**About this task**
Restate the lines of the material below word for word, from the first through the one containing "Let me give", and include nothing else; pictures stay out.

**Source material**
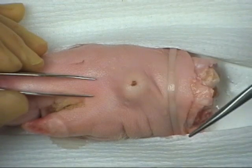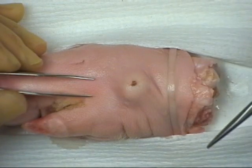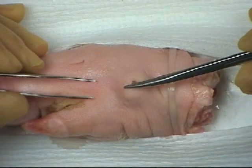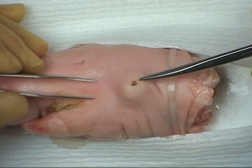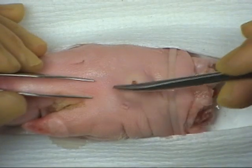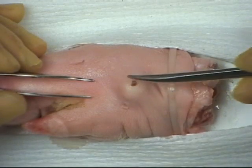Here you can see an example of a sebaceous cyst with a small overlying punctum. It is important when excising a cyst that the punctum is removed, as if it is left in place there may be recurring problems.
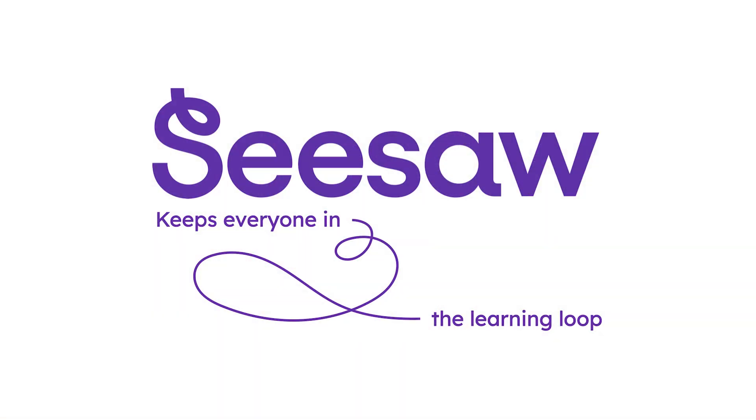I can't wait for you to experience the power of Seesaw to engage with your child's learning and create partnerships with their school community. All of this helps lay the foundation for success in your child's life. Thank you for all you do, families. See you next time.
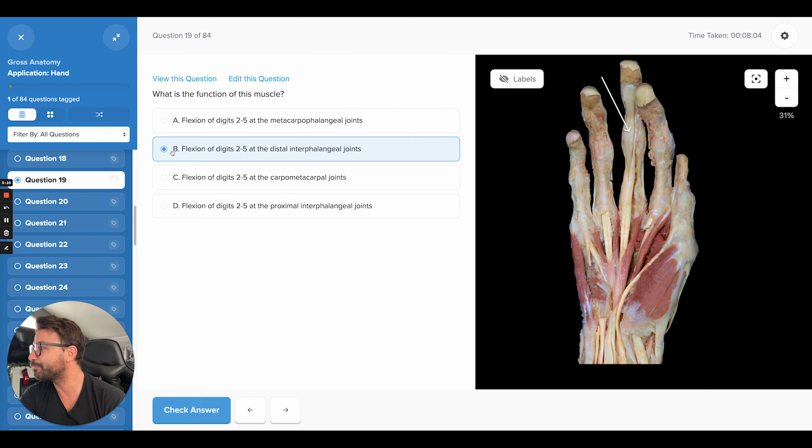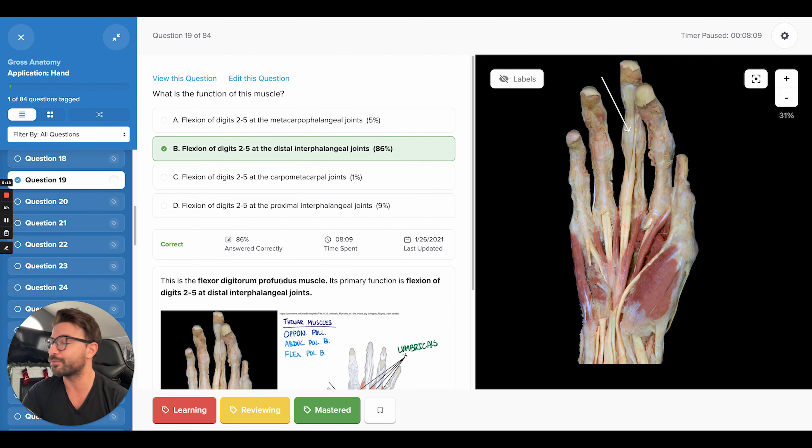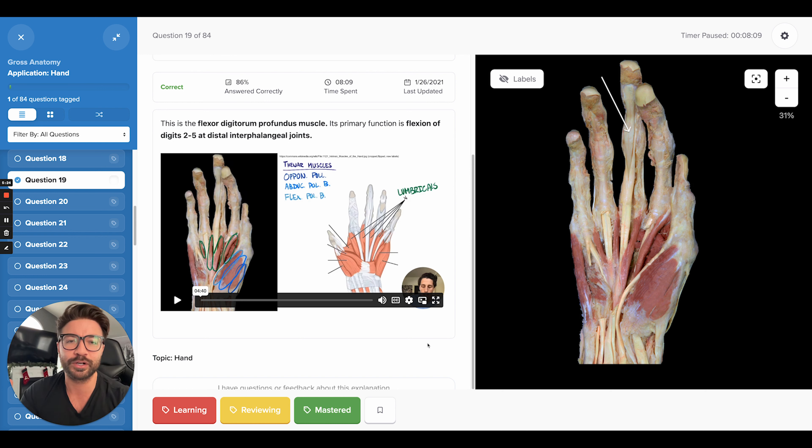So let's lock this answer in: flexion of digits two through five at the distal interphalangeal joint — and that is of course the correct answer. If you get it wrong, you can watch this tutorial video breaking it down. We have breakdowns for all of our questions on the site. Again, it's called Med School Boot Camp, there's a link in our description — create an account for free and get access to all these images. That's it for this video, I'll see you all in the next one.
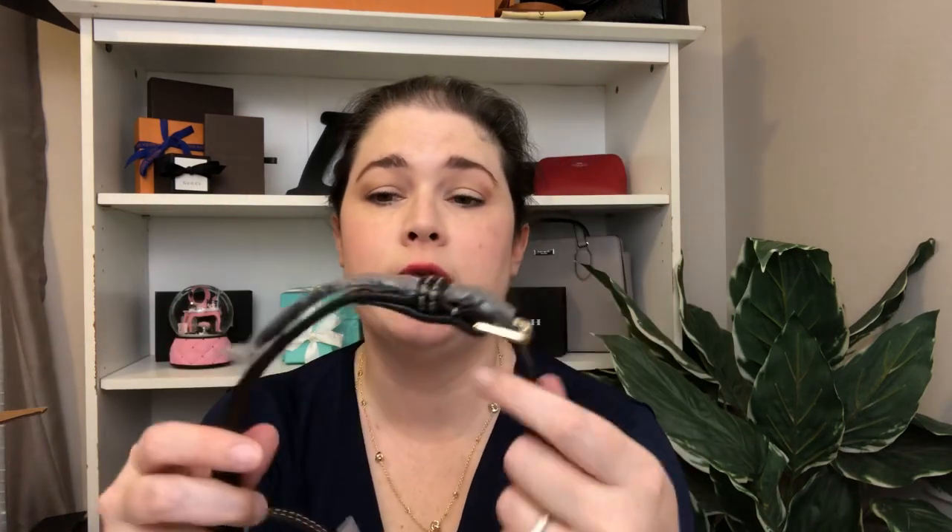Let me give you the dimensions of this bag really quickly. The measurements are 11.5 inches in length, 9.25 inches in height, and 5.75 inches in width. There is a 3.5 inch handle drop, and the crossbody strap goes from 22 to 26 inches — that's a really good range that you can really do a lot with as far as crossbody, shoulder, whatever you want to do. And it weighs one pound two ounces.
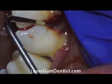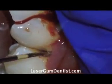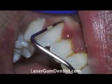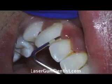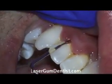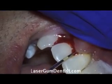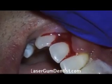Your gums should never bleed when we use this instrument. Whenever you go see a dentist, you want to make sure that they take these measurements every year. If they don't, maybe it's time to find a new dentist, because gum disease is the number one cause of tooth loss. You're going to your dentist to help you keep your teeth, and if you want to keep them you want to make sure your gums are healthy.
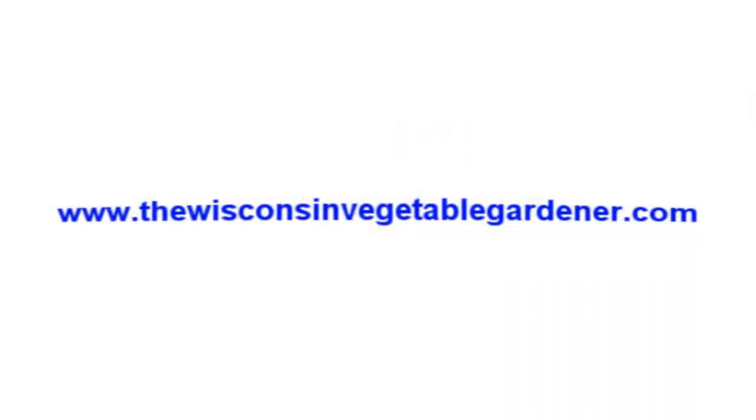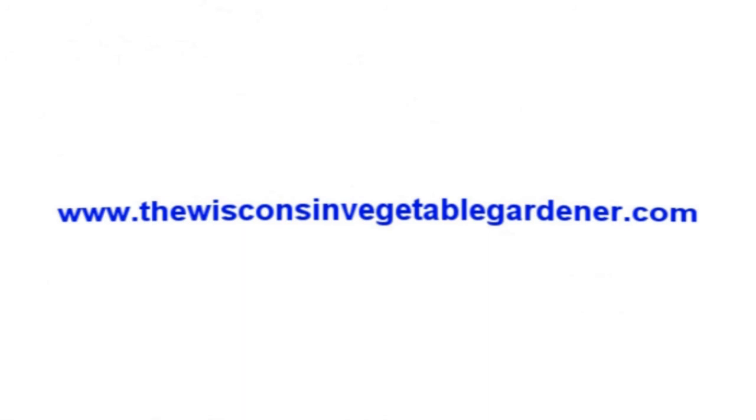To see all of our straight to the point video series, you can go to our website at thewisconsinvegetablegardener.com and click on the straight to the point icon.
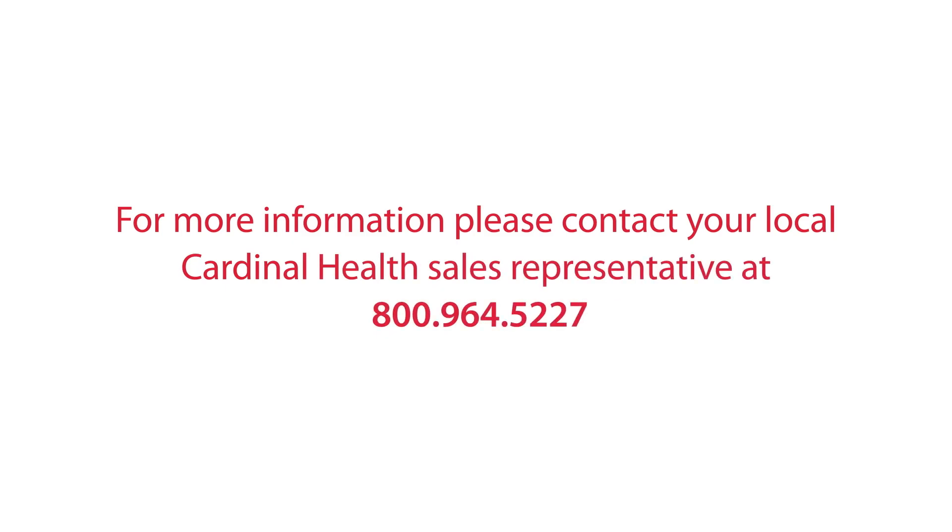For more information, please contact your local Cardinal Health sales representative. Thank you.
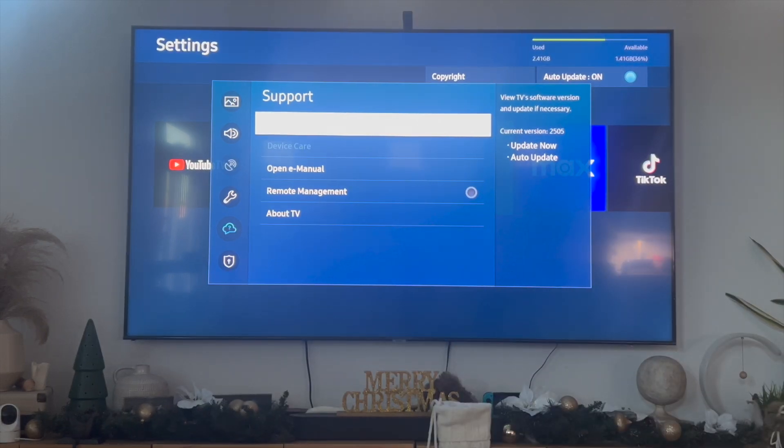That right there is the best and easiest way I know of to fix Discovery Plus not working on your Samsung Smart TV. If you know of a better or easier way to do this, let me know in the comments down below — I would love to know. Thanks so much for watching everyone, and I'll see you all in the next video.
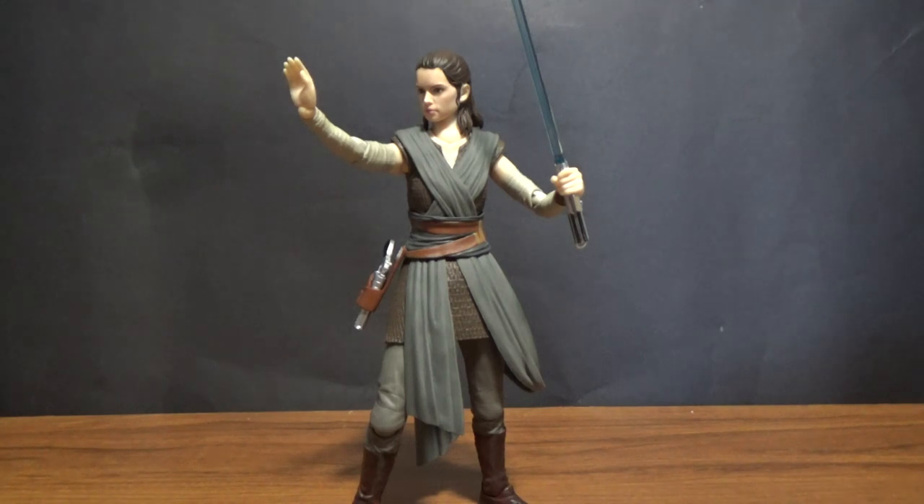What's up Star Wars fans, welcome back to another video. This time we're looking at the SH Figuarts Rey figure from The Last Jedi.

**Reply**
Here you can see an example of a sebaceous cyst with a small overlying punctum. It is important when excising a cyst that the punctum is removed, as if it is left in place there may be recurring problems.
I can't wait for you to experience the power of Seesaw to engage with your child's learning and create partnerships with their school community. All of this helps lay the foundation for success in your child's life. Thank you for all you do, families. See you next time.
So let's lock this answer in: flexion of digits two through five at the distal interphalangeal joint — and that is of course the correct answer. If you get it wrong, you can watch this tutorial video breaking it down. We have breakdowns for all of our questions on the site. Again, it's called Med School Boot Camp, there's a link in our description — create an account for free and get access to all these images. That's it for this video, I'll see you all in the next one.
Let me give you the dimensions of this bag really quickly. The measurements are 11.5 inches in length, 9.25 inches in height, and 5.75 inches in width. There is a 3.5 inch handle drop, and the crossbody strap goes from 22 to 26 inches — that's a really good range that you can really do a lot with as far as crossbody, shoulder, whatever you want to do. And it weighs one pound two ounces.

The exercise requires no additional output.